*** Opening of Exercise inputs ***

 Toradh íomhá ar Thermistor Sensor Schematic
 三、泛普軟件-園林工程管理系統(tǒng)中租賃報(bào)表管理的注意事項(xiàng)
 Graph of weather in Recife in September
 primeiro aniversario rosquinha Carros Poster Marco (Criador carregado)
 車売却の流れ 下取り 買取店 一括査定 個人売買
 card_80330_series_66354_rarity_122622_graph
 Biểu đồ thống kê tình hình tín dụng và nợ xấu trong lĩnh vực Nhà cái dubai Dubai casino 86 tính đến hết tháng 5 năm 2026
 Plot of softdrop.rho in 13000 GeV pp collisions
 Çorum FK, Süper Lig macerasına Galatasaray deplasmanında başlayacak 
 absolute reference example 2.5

*** Close of Exercise inputs ***
*** Opening of Exercise inputs ***

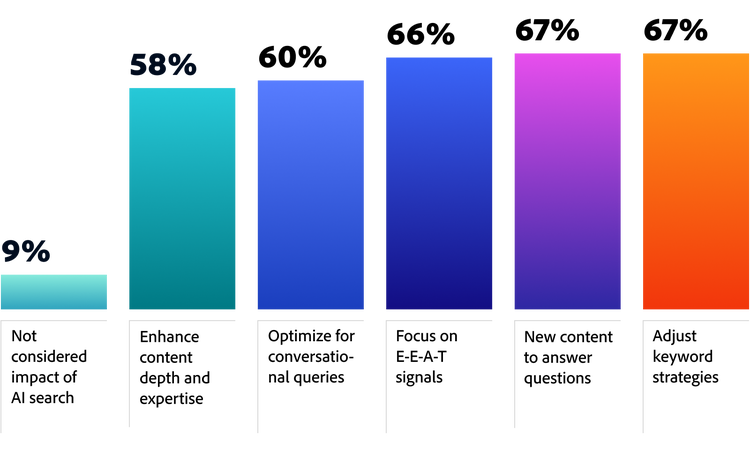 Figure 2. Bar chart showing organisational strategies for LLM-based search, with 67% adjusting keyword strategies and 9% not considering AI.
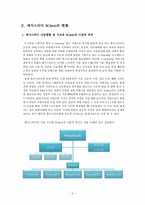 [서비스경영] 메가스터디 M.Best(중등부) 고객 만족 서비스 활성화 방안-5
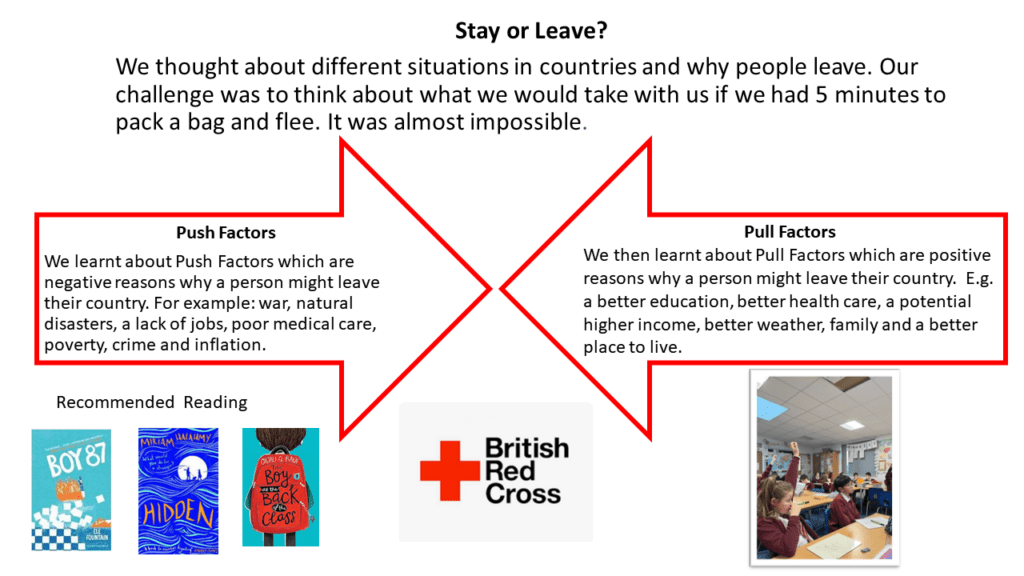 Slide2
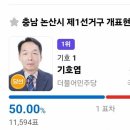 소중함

*** Close of Exercise inputs ***

Beginning at the line with "車売却の流れ 下取り 買取店 一括査定 個人売買" and ending at the line with "absolute reference example 2.5", reproduce each line of the data above exactly, and add no other lines.

Your solution:
 車売却の流れ 下取り 買取店 一括査定 個人売買
 card_80330_series_66354_rarity_122622_graph
 Biểu đồ thống kê tình hình tín dụng và nợ xấu trong lĩnh vực Nhà cái dubai Dubai casino 86 tính đến hết tháng 5 năm 2026
 Plot of softdrop.rho in 13000 GeV pp collisions
 Çorum FK, Süper Lig macerasına Galatasaray deplasmanında başlayacak 
 absolute reference example 2.5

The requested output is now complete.